New Beginnings and Improved Focus
By: Gil Price
Original: 11/9/2005
Modified: 12/30/2005
In the recent few months I have been asking myself some tough questions. Many of the answers have been less than stellar and I have been making changes as a result. The re-targeting of this site is the first of these many changes.
The Issues:
If you have been reading my site for the past few weeks, you know I've become concerned recently about "data permanence". What this refers to is how permanent is the data I put online or keep on my hard drive? To tell the truth, while it seems like it will always be there, I must be realistic. All my data is subject to the failure of the hardware, obsolescence of the applications which created it, or my inability to find it at sometime in the future. So let's look at these 3 issues separately and then try to determine a safe course of action to resolve the issues in as painless and expeditious manner as possible.
Hardware Failure:
While modern hardware is very resilient, it nonetheless sometimes fails. These failures can often be a power supply to the server where I host/store my files to the workstation(s) where I create my files. It can be a hard drive failure, network failure to my broadband connection, or internal component failure of my router, wiring or power to my house. These failures are often impossible to anticipate, and timely or costly to resolve.
In the past 1999, I signed up for the Time Warner Roadrunner service. This was the first broadband service available to me in Lexington, South Carolina. Since then I have been without service for about 5 weekends. While this seems really reliable, I do host my own web and e-mail server. In the past 4 years I have agreed to host 2 commercial web sites for which I do all the development and deployment. While I'm not really concerned if my wonderful prose is missing from the 'net for a few days, I am concerned about 2 businesses being offline.
I have never suffered a power-supply or hard drive failure, but my hardware isn't being replaced on any life cycle and is getting older every day. I have had numerous power outages due to weather (ice storms), sometimes the power company cuts it when they are making changes to the electrical grid or replacing my meter with a "new technology" one. The outages are usually short duration, but have lasted from 3 to 9 hours, 3 or 4 times in the past 10 years.
My part of the United States is prone to tornadoes, hurricanes, and lightening strikes. All of which can cause total loss to my data as well as my home.

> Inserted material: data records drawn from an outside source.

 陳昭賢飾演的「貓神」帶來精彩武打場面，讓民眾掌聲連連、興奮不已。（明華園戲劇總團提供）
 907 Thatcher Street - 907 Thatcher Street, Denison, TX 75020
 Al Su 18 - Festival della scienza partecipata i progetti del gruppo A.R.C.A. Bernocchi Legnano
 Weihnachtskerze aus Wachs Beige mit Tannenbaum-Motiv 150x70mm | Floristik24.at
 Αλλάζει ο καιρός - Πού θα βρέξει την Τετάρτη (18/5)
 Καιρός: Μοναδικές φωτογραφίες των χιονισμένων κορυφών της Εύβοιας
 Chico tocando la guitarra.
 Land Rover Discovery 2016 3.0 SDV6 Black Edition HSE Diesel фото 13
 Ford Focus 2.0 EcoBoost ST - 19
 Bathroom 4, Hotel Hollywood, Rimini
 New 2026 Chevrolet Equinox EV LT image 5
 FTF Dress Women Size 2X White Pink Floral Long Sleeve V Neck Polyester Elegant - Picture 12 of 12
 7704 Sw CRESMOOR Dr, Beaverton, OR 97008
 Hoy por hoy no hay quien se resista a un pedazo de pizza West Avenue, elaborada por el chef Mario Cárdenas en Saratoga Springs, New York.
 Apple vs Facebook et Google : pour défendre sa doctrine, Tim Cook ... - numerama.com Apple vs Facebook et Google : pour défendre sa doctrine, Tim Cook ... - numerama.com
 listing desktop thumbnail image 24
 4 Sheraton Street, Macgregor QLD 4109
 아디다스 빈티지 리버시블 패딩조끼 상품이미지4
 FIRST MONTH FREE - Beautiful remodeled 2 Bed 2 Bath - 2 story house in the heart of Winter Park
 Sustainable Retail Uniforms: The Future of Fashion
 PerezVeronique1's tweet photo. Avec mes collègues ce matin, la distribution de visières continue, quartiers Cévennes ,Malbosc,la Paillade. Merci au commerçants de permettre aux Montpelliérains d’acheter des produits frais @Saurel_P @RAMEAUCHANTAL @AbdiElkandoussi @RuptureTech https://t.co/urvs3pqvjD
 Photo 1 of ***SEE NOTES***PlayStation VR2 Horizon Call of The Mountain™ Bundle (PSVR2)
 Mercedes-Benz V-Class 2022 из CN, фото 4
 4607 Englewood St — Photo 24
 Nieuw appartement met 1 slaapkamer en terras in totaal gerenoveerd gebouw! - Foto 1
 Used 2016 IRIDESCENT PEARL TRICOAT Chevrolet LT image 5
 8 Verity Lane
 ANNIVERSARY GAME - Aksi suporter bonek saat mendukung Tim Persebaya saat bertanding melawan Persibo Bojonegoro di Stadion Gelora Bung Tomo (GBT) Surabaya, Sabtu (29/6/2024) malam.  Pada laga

Obsolescence of Applications:
While this doesn't seem to be that big a deal, I mean an .html file is an .html file, and these can be edited with any old text editor, I do create spreadsheets, databases, and formatted word documents on a fairly consistent basis. In my garage, in boxes in a corner somewhere are a large collection of 5.25 inch disks filled with volumes of information created 12 to 15 years ago in MultiMate, Lotus 123 and Dbase III. These are part of my military history and all totally useless to me today. I don't have a 5.25 inch disk drive, and I certainly don't have any of the applications used to create the files. So what about my current files? I have been using MS Word since version 4.2, anybody remember Office 4.2? Okay, we know template files created in Office 95 are not compatible with Office 2000, but everything is now guaranteed to be backward compatible to Office 2000 right? Think again, it would be bad planning to think a Word document from 2006 will be readable by the computers we use in 2018 or later.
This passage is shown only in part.